GIVEN RECORDS:
·····
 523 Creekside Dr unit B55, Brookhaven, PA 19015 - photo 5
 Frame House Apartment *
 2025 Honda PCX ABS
·····
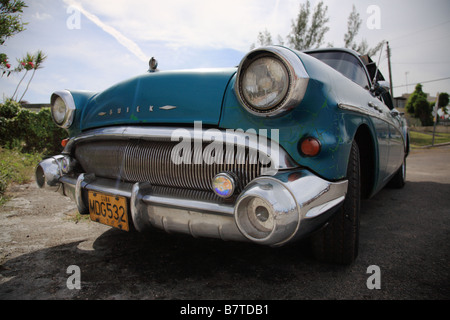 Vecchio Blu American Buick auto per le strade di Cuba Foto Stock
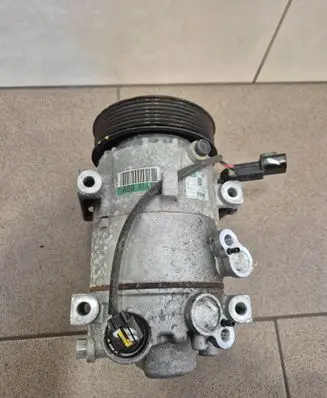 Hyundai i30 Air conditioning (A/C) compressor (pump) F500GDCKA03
·····
ACTION ITEM:
Start at the line above containing "Vecchio Blu American" and stop at the line containing "Hyundai i30 Air": print those lines and everything between them exactly, but not the pictures.

ANSWER FOR THIS EXERCISE:
 Vecchio Blu American Buick auto per le strade di Cuba Foto Stock
 Hyundai i30 Air conditioning (A/C) compressor (pump) F500GDCKA03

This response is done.